BEGIN EXTRACTED ENTRIES

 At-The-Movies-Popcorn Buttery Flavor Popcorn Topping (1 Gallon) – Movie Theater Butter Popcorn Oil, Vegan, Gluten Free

END EXTRACTED ENTRIES
BEGIN EXTRACTED ENTRIES

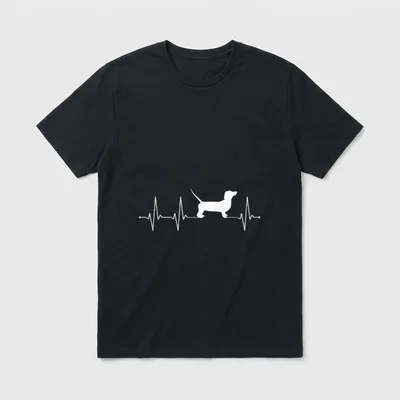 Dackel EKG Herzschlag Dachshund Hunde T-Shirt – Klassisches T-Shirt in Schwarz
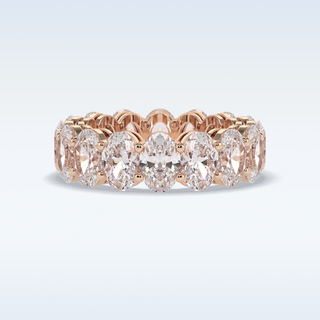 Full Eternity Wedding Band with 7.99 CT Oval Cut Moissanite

END EXTRACTED ENTRIES
BEGIN EXTRACTED ENTRIES

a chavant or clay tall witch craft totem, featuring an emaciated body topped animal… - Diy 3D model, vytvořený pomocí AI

END EXTRACTED ENTRIES

• WORK TO COMPLETE: Please output, exactly as written, the lines above from the one holding "Dackel EKG Herzschlag" through the one holding "Full Eternity Wedding", both included, with the pictures omitted.

• ANSWER FOR THIS EXERCISE:
 Dackel EKG Herzschlag Dachshund Hunde T-Shirt – Klassisches T-Shirt in Schwarz
 Full Eternity Wedding Band with 7.99 CT Oval Cut Moissanite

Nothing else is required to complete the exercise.